[Opening Data segment section]

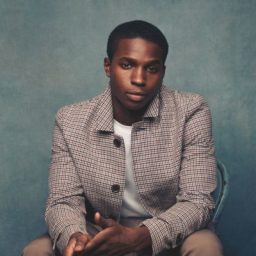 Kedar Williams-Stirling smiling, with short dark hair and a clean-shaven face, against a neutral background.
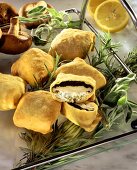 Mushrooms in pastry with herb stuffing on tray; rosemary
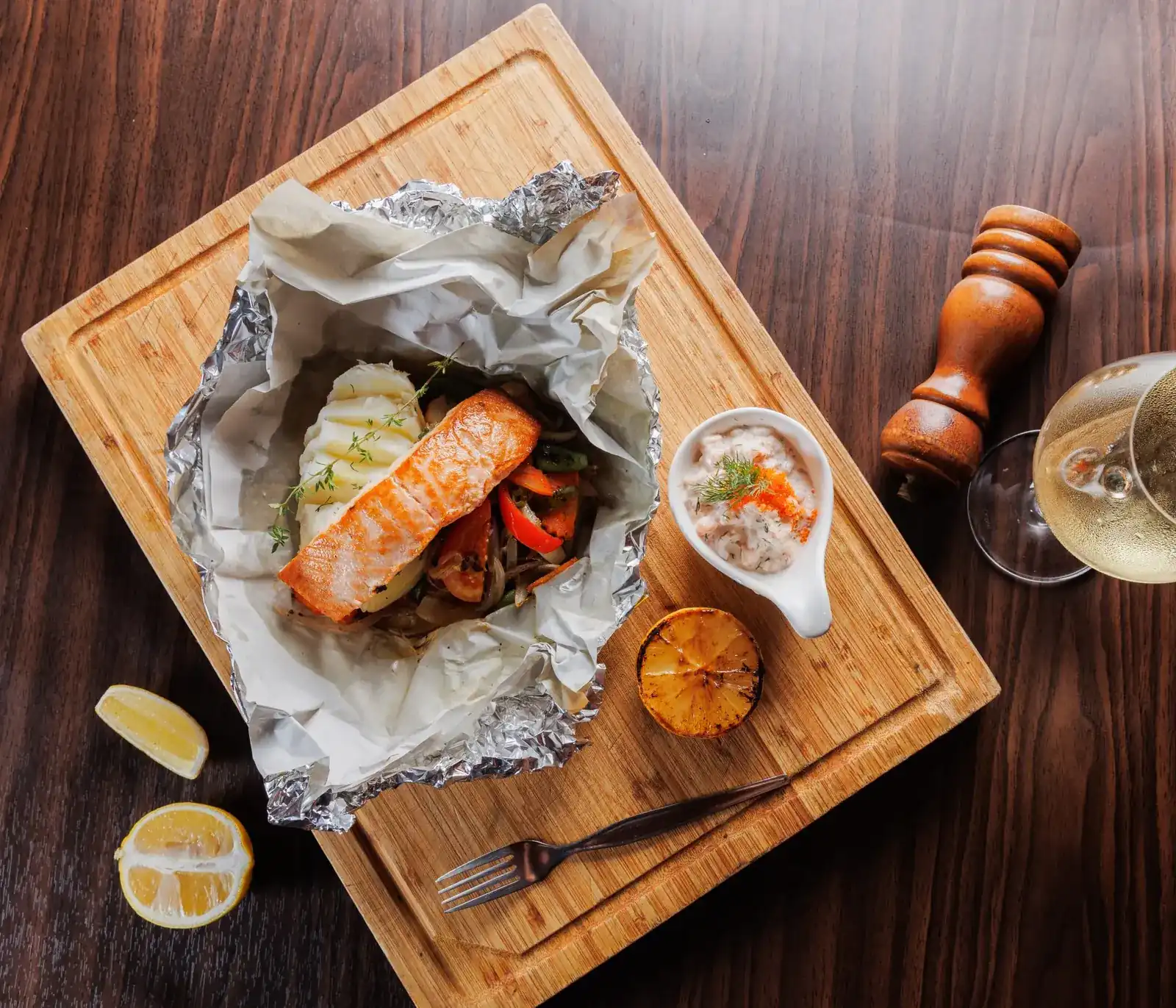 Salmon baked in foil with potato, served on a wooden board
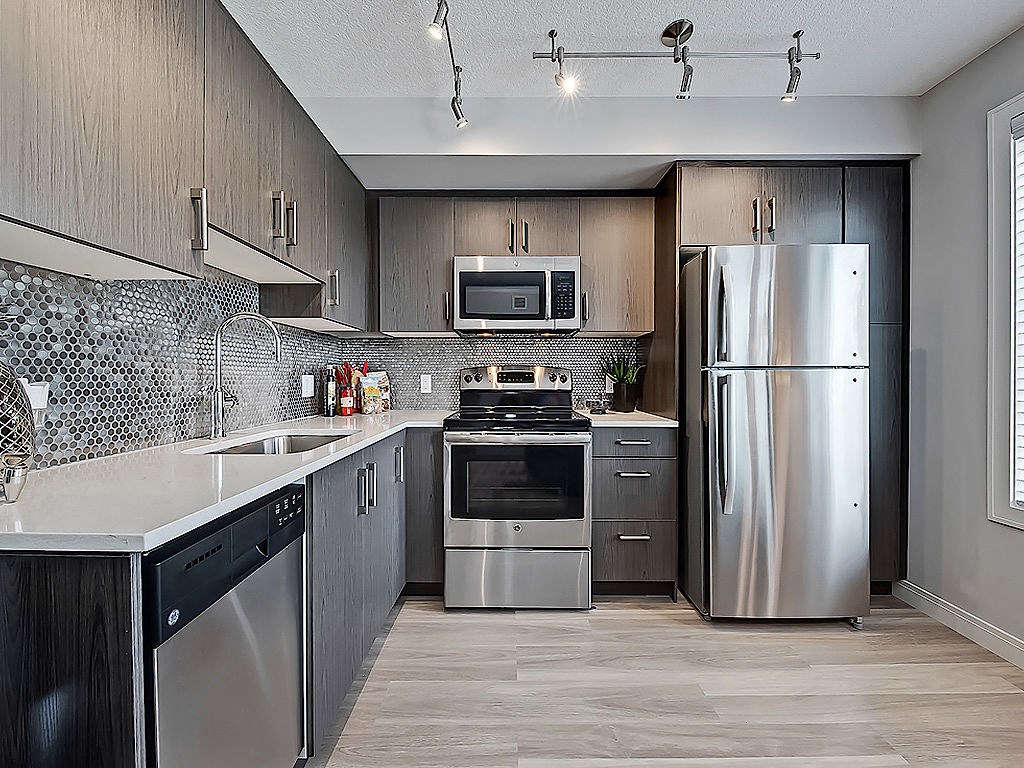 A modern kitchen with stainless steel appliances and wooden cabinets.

[Closing Data segment section]

• [Action item] The reply has to reproduce every line above verbatim and contain no pictures.

• [Exercise answer]
 Kedar Williams-Stirling smiling, with short dark hair and a clean-shaven face, against a neutral background.
 Mushrooms in pastry with herb stuffing on tray; rosemary
 Salmon baked in foil with potato, served on a wooden board
 A modern kitchen with stainless steel appliances and wooden cabinets.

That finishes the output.